マルクスは自身が皇帝になると、義理の弟で九歳年下のルキウスも皇帝にした。その理由はハドリアヌスの意志を尊重したとも、政治的配慮とも言われる。

ローマの長年の宿敵、東方のパルティア王国がローマの保護国であるアルメニアを脅かしたため、マルクスはルキウス帝に遠征させた。

ローマ軍はパルディアの撃退に成功したが、このときに疫病を持ち帰ってローマは混乱に陥った。何の疫病かはわかっていないが、天然痘とかペストとか言われている。

マルコマンニ戦争

166年、ドナウ川を越えてゲルマン人がローマに侵入してきた。このときからマルクス・アウレリウス帝の長い戦いが始まった。

マルクス帝とルキウス帝はゲルマン人に備えるために北イタリアへ向かったが、ルキウス帝が若くして病没した。マルクスは葬儀を済ませて再び北へ向かった。

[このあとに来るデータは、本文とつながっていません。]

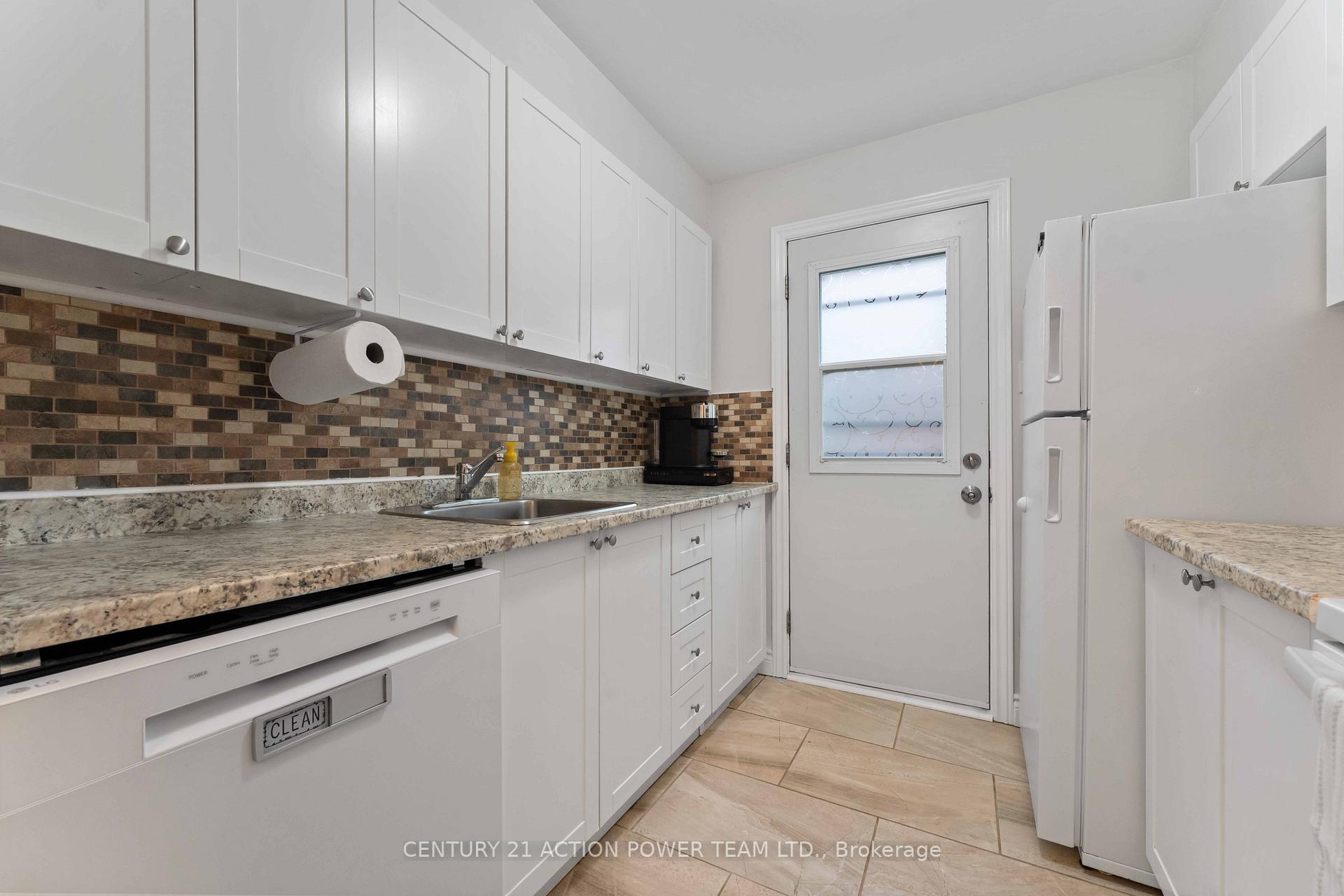 Photo 28 of 1361 Marigold Crescent, Ottawa, Pineview — HOMEH
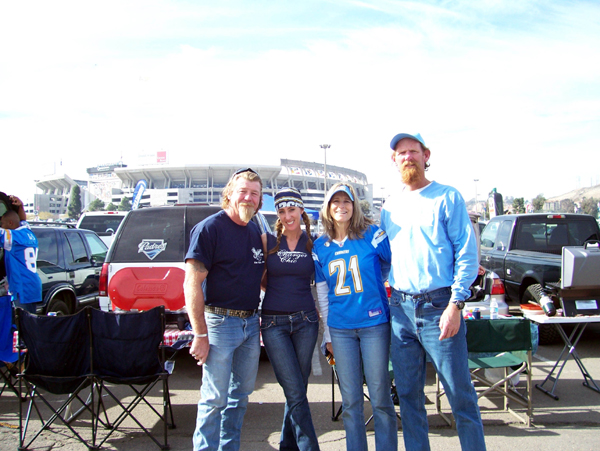 Charger vs Lions 12 16 07 Bolt Pride tailgate 002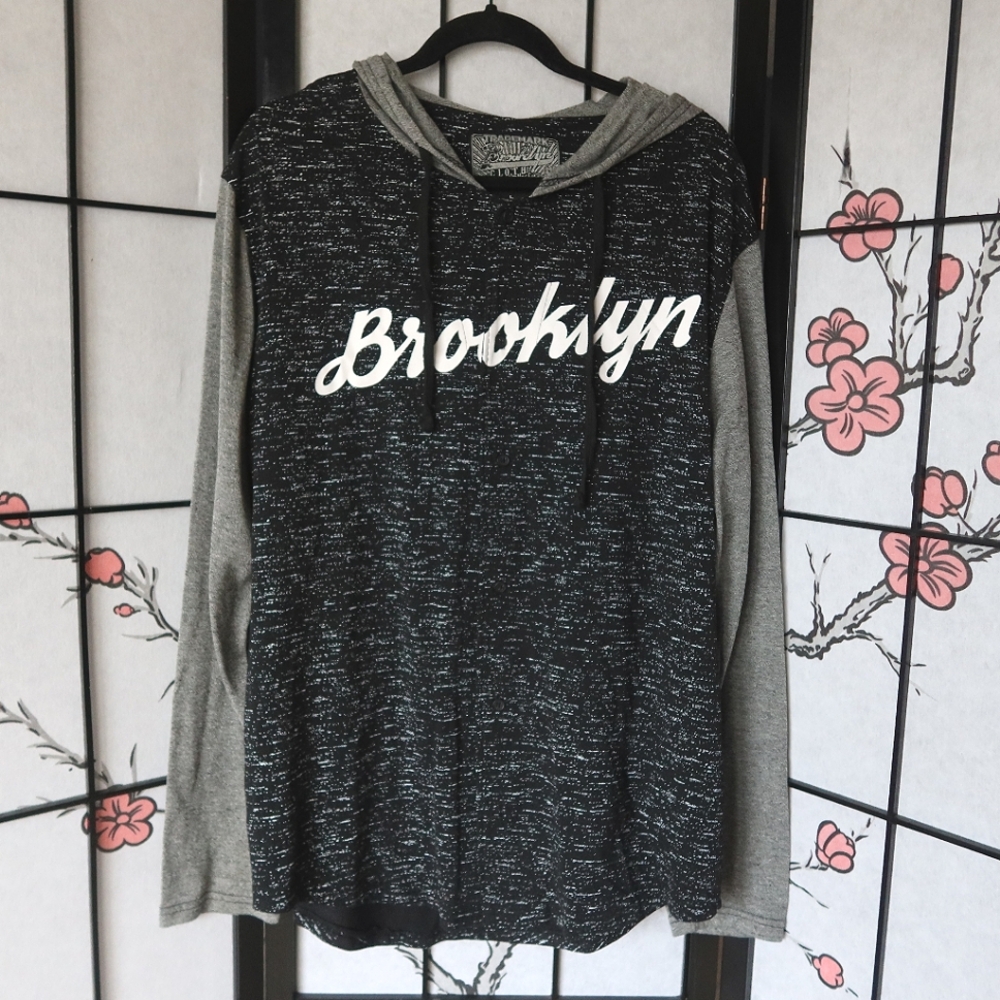 Trademark Brooklyn Cloth Brooklyn Graphic Black and Gray Hoodie Size Large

マルクスは現在のユーゴスラビアに拠点を構え、ゲルマン人と戦ったが形勢は不利だった。これを見たゲルマン系諸部族は一斉にローマ帝国に侵入を開始した。

マルコマンニ族やクァディ族がアルプス山脈を越えて北イタリアに侵入し、コストボキ族はバルカン半島に侵入してアテネに迫った。マルクスは拠点をウィーン近くに移して反撃を試みたが、歴戦の将軍を失った。さらにマウリ族がアフリカからイベリア半島に侵入した。

マルクスは部族と講和条約を結ぶことで敵の連携を断ち、苦闘の末に何とか体勢を立て直した。しかし部族は講和条約を平気で破るため、戦争が終わることはなかった。

175年、ようやくローマと諸部族の休戦が成立した。この間、マルクスはひたすら戦争に忙殺されたのである。ローマ市民は皇帝の勝利を称えた。

アウディウス・カッシウスの乱

この頃、東方ではシリア総督アウディウス・カッシウスが皇帝を名乗って反乱を起こしていた。カッシウスは東方のローマ軍を掌握していたから、巨大な勢力だった。

元老院はカッシウスを「国家の敵」と呼んだが、首都ローマはその巨大な軍事力に恐れおののいた。

しかし、カッシウスはカッパドキア総督マルティウス・ウェルスを味方につけることができなかった。カッシウスは三か月後に部下に殺され、反乱はマルクス帝の命令でマルティウス・ウェルスによって鎮圧された。

マルクスはその後、エジプトやギリシャを旅してローマの支配を安定させ、ドナウ川に戻ってゲルマン人に優勢に戦い、陣中に病没した。哲学好きの皇帝は哲学を考える暇はなく、戦争対応に大忙しの人生だった。

彼の後は息子のコンモドゥスが皇帝を継いだ。